Transcribe all of the records word for word, please, omitting the pictures.

BEGIN DATASET RECORDS

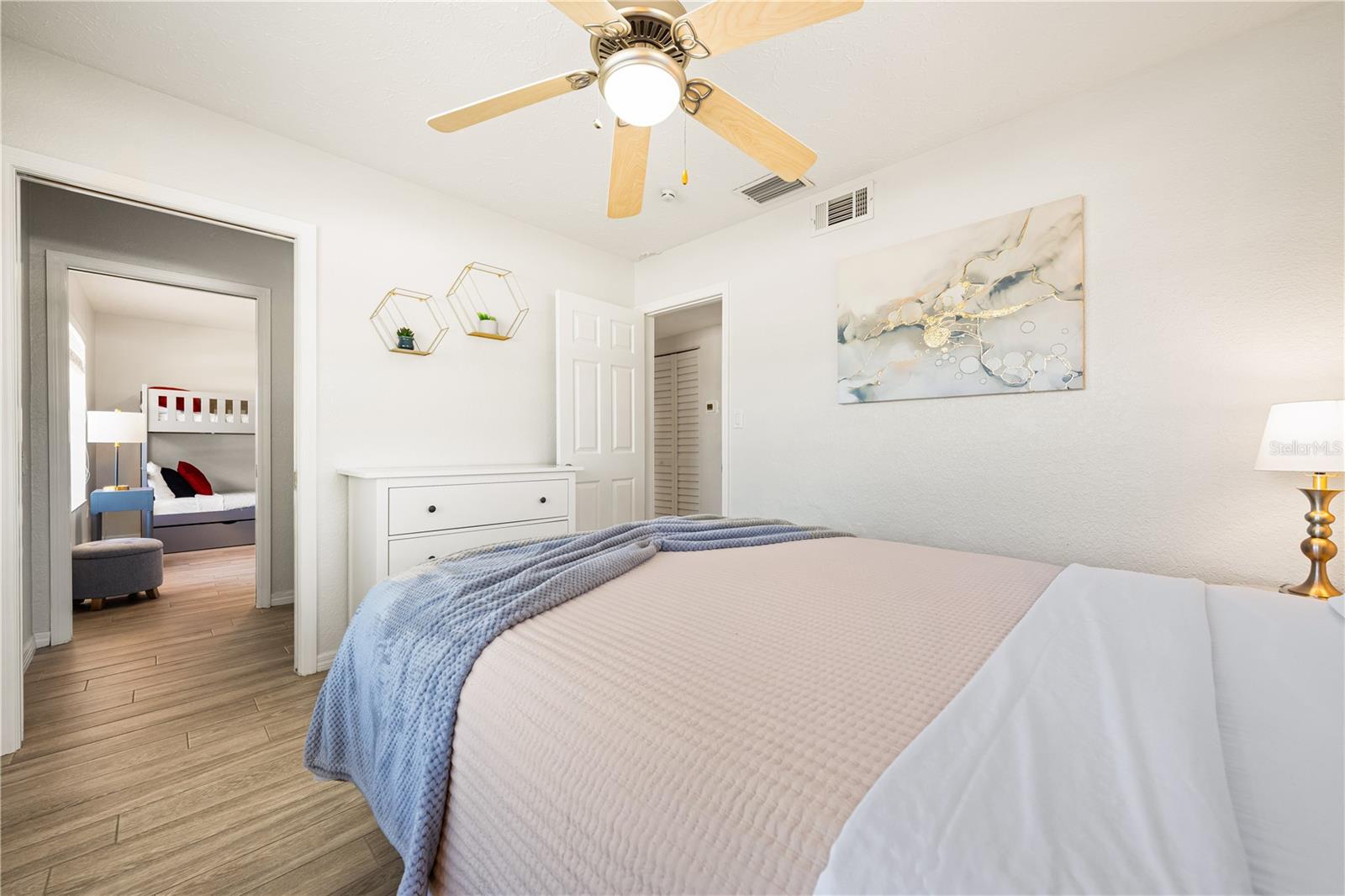3524 S SCHOOL AVE, SARASOTA, FL, 34239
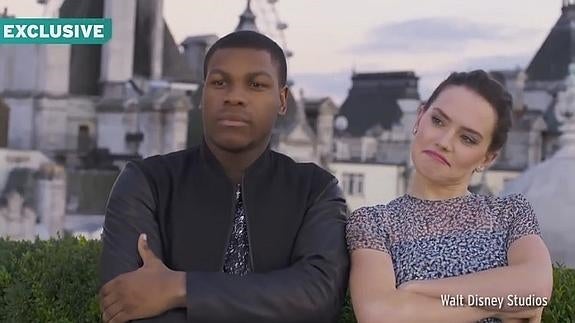 Los protagonistas de Star Wars rapean en el set de rodaje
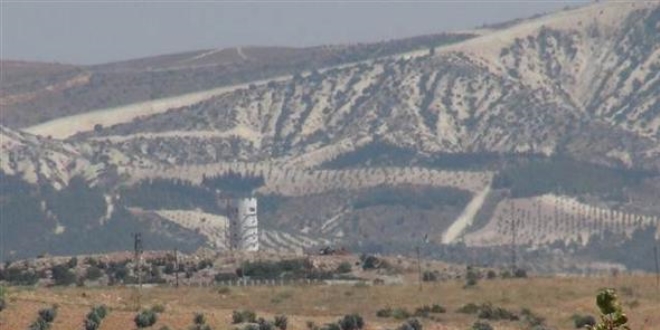 Suriye snrna 25 metrelik gzetleme kuleleri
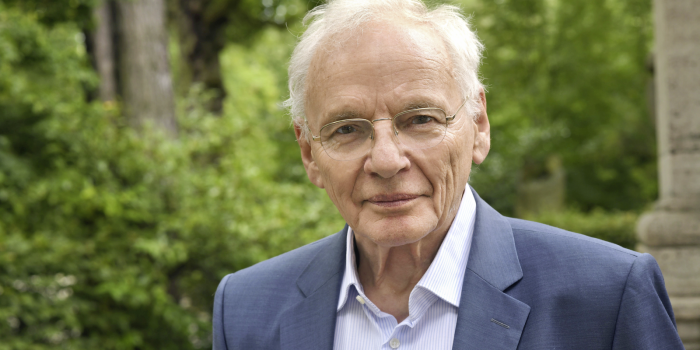 Älterer Mann mit Brille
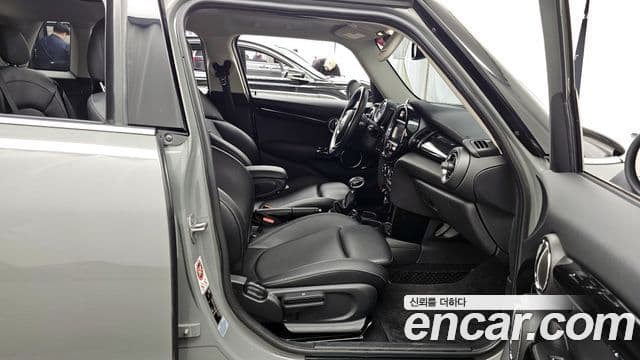 Mini Cooper D 3세대, 2017 11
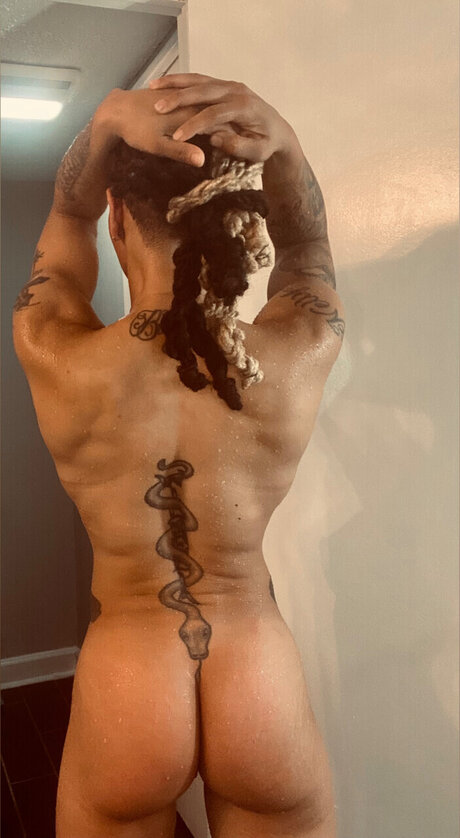 Foto di nudo di fuga di OnlyFans di Nelly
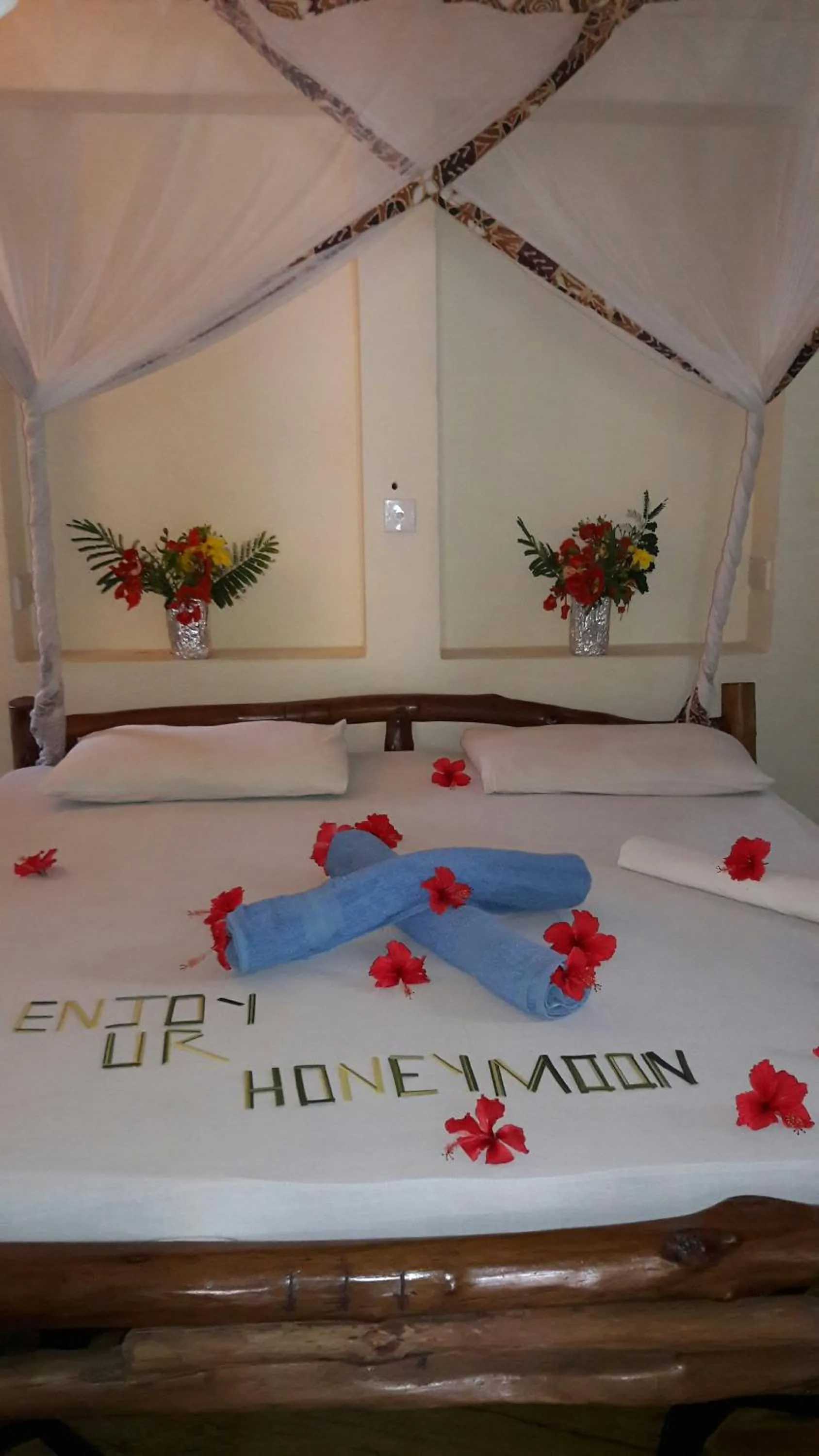 Bed in African Dream Cottages - Diani Beach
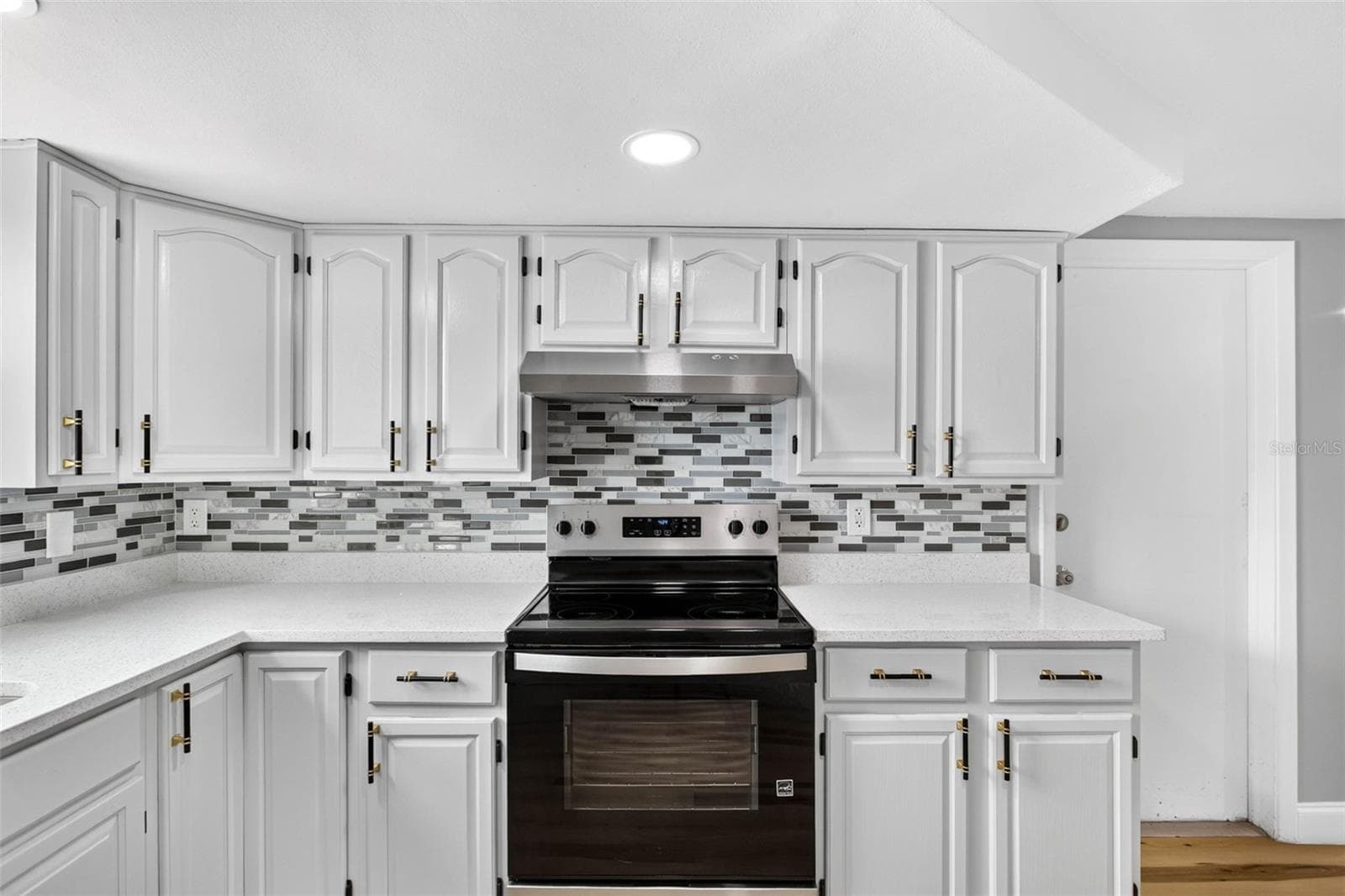 Single Family Residence at 9516 GRAY FOX LN, PORT RICHEY, photo 6 of 26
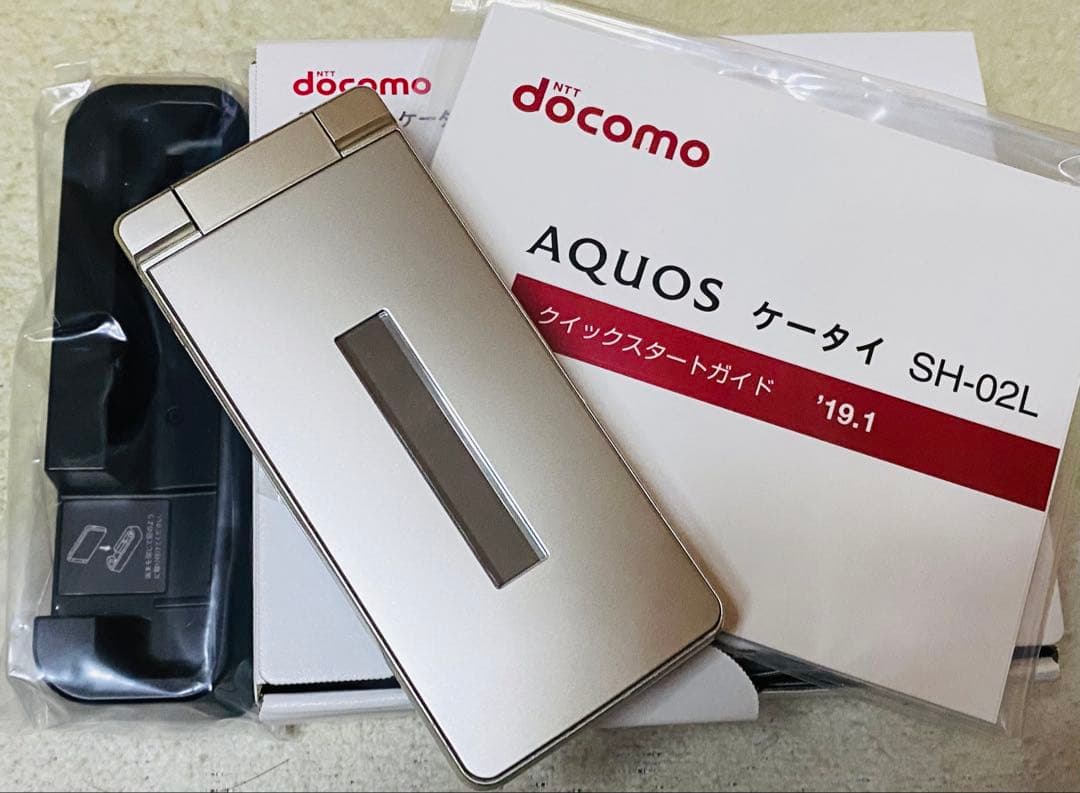 b*8様 ドコモAQUOS SH-02L シルバー本体　ガラホ　箱卓上ホルダ付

END DATASET RECORDS

◆ **WRITTEN RESPONSE**:
3524 S SCHOOL AVE, SARASOTA, FL, 34239
 Los protagonistas de Star Wars rapean en el set de rodaje
 Suriye snrna 25 metrelik gzetleme kuleleri
 Älterer Mann mit Brille
 Mini Cooper D 3세대, 2017 11
 Foto di nudo di fuga di OnlyFans di Nelly
 Bed in African Dream Cottages - Diani Beach
 Single Family Residence at 9516 GRAY FOX LN, PORT RICHEY, photo 6 of 26
 b*8様 ドコモAQUOS SH-02L シルバー本体　ガラホ　箱卓上ホルダ付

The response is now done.